Short text fragments from websites →
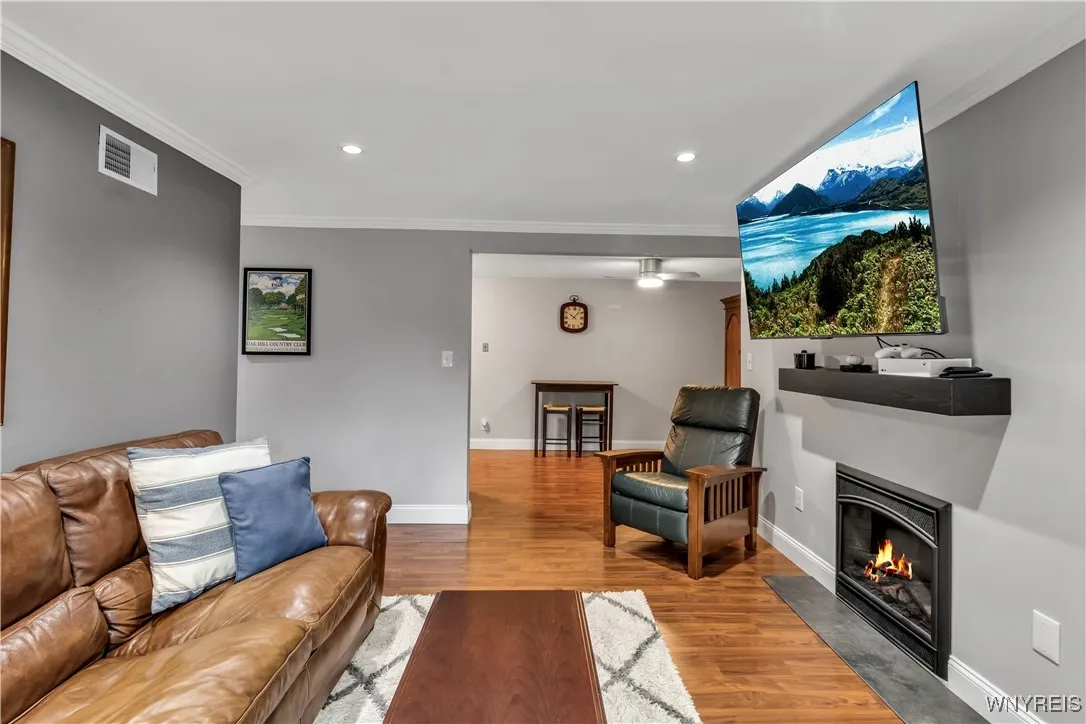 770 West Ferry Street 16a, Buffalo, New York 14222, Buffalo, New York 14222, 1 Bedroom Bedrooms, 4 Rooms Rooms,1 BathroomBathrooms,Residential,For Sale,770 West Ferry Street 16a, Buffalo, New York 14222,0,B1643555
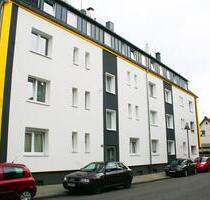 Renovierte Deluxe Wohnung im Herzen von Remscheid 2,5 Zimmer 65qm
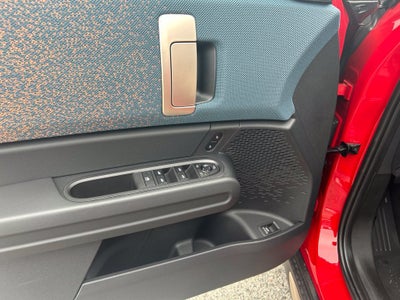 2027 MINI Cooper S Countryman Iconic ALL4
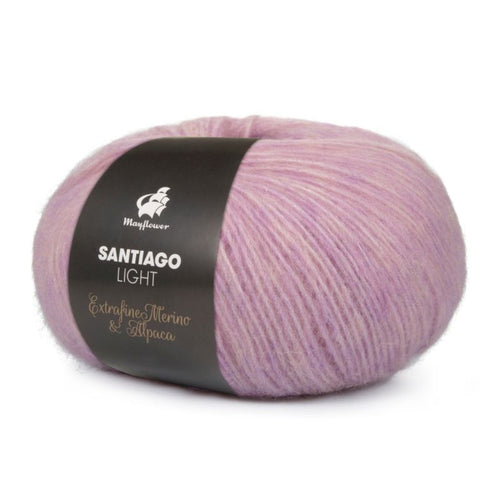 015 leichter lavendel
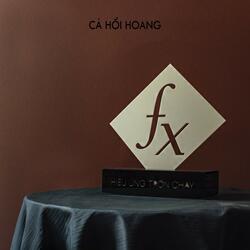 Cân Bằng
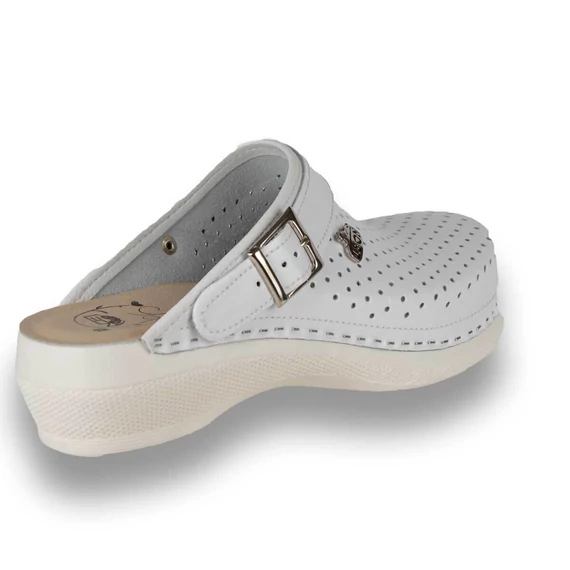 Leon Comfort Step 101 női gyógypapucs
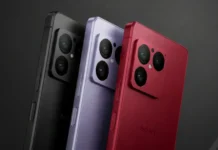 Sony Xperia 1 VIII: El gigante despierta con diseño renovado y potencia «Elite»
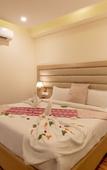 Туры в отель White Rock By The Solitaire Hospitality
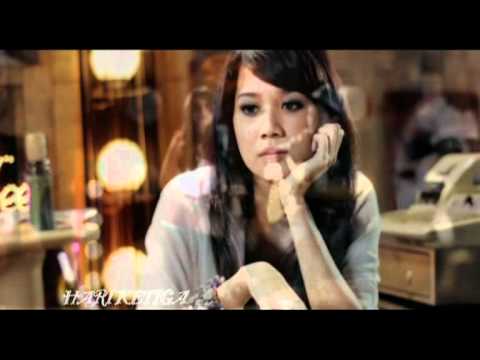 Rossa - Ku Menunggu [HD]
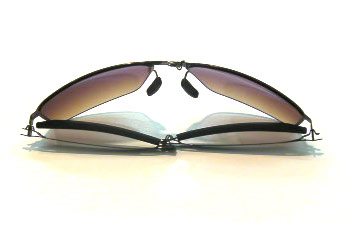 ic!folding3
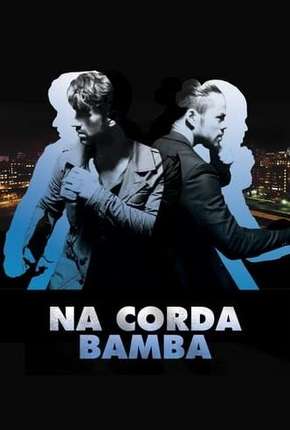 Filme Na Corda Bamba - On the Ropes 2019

Brief → Give again, word for word, the line that contains "015 leichter lavendel" and every line after it through the end of the entries; omit the pictures.

Solution to this exercise →
 015 leichter lavendel
 Cân Bằng
 Leon Comfort Step 101 női gyógypapucs
 Sony Xperia 1 VIII: El gigante despierta con diseño renovado y potencia «Elite»
 Туры в отель White Rock By The Solitaire Hospitality
 Rossa - Ku Menunggu [HD]
 ic!folding3
 Filme Na Corda Bamba - On the Ropes 2019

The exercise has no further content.